This does not seem right to me. I feel like you are sneakily trying to condition all of the robots probabilities on mathematical proofs that it does not have a-priori. E.g. consider A, A->B, therefore B. To learn that P(A->B)=1, the robot has to do a big calculation to obtain the proof. After this, it can conclude that P(B|A,A->B)=1. But before it has the proof, it should still have some P(B|A)!=1.

Sure, it seems tempting to call the probabilities you would have after obtaining all the proofs of everything the "true" probabilties, but to me it doesn't actually seem different to the claim that "after I roll my dice an infinity of times, I will know the 'true' probability of rolling a 1". I should still have some beliefs about a one being rolled before I have observed vast numbers of rolls.

In other words I suggest that proof of mathematical relationships should be treated exactly the same as any other data/evidence.
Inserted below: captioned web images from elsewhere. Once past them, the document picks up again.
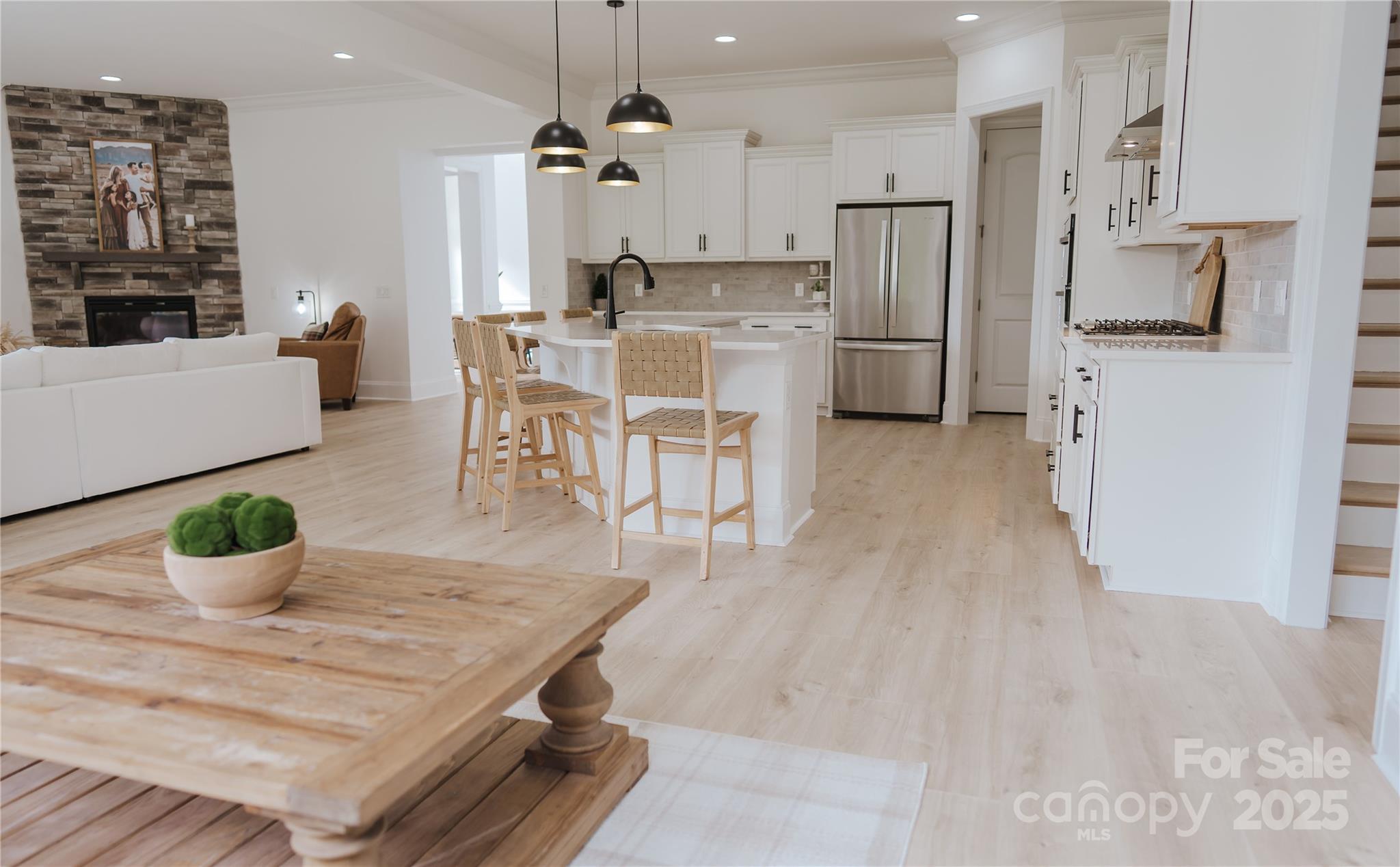 Weddington Preserve - Residential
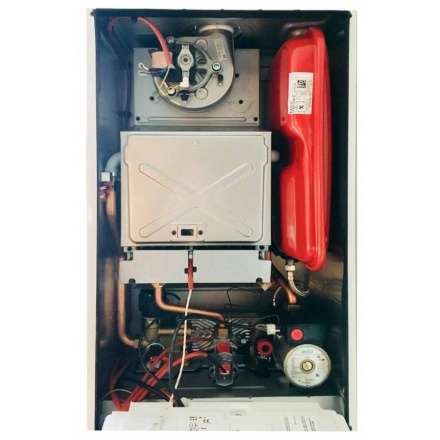 Газовый котёл Thermex EuroElite F24 в Слониме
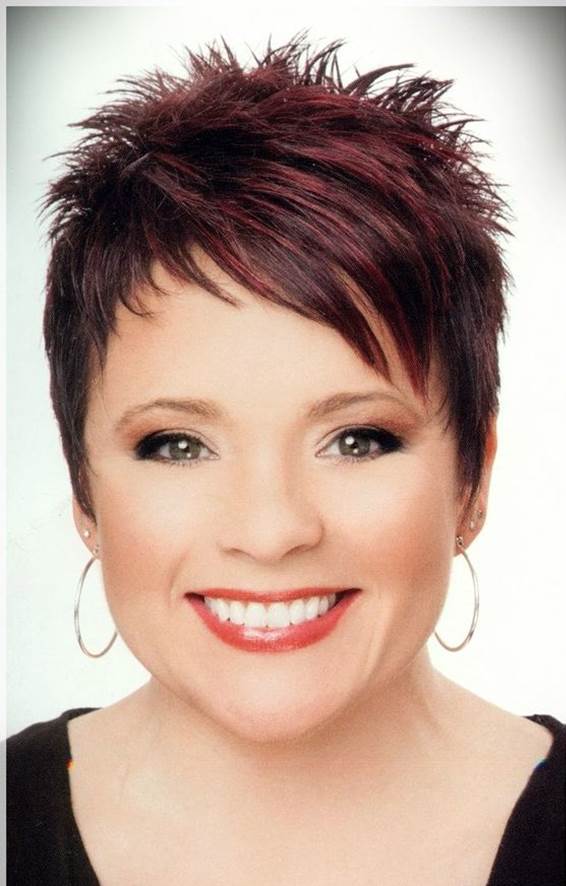 15 Very Short Haircuts for 2023 - Really Cute Short Hair for Women - Pretty  Designs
edit: in fact surely one has to consider this so that the robot can incorporate the cost of computing the proof into its loss function, in order to decide if it should bother doing it or not. Knowing the answer for certain may still not be worth the time it takes (not to mention that even after computing the proof the robot may still not have total confidence in it; if it is a really long proof, the probability that cosmic rays have caused lots of bit-flips to mess up the logic may become significant. If the robot knows it cannot ever get the answer with sufficient confidence within the given time constraints, it must choose an action which accounts for this. And the logic it uses should be just the same as how it knows when to stop rolling die).

edit2: I realised I was a little sloppy above; let me make it clearer here:

The robot knows P(B|A,A->B)=1 apriori. But it does not know "A->B" is true apriori. It therefore calculates

P(B|A) = P(B|A,A->B) P(A->B|A) + P(B|A,not A->B) P(not A->B|A) = P(A->B|A)

After it obtains proof that "A->B", call this p, we have P(A->B|A,p) = 1, so

P(B|A,p) = P(B|A,A->B,p) P(A->B|A,p) + P(B|A,not A->B,p) P(not A->B|A,p)

collapses to

P(B|A,p) = P(B|A,A->B,p) = P(B|A,A->B) = 1

But I don't think it is reasonable to skip straight to this final statement, unless the cost of obtaining p is negligible.

edit3: If this somehow violates Savage or Cox's theorems I'd like to know why :).

Comment author: cousin_it 08 February 2014 11:50:23AM *  1 point [-]

Yeah, that sounds right. You could say that a "true" number is a model parameter that fits the observed data well.

Comment author: Kurros 09 February 2014 11:30:04PM 1 point [-]

Perhaps, though, you could argue it differently. I have been trying to understand so-called "operational" subjective statical methods recently (as advocated by Frank Lad and his friends), and he is insisting on only calling a thing a [meaningful, I guess] "quantity" when there is some well-defined operational procedure for measuring what it is. Where for him "measuring" does not rely on a model, he is refering to reading numbers off some device or other, I think. I don't quite understand him yet, since it seems to me that the numbers reported by devices all rely on some model or other to define them, but maybe one can argue their way out of this...

Comment author: Cyan 07 February 2014 01:50:00PM *  0 points [-]

I can pass along a recommendation I have received: Operational Subjective Statistical Methods by Frank Lad. I haven't read the book myself, so I can't actually vouch for it, but it was described to me as "excellent". I don't know if it is actively prediction-centered, but it should at least be compatible with that philosophy.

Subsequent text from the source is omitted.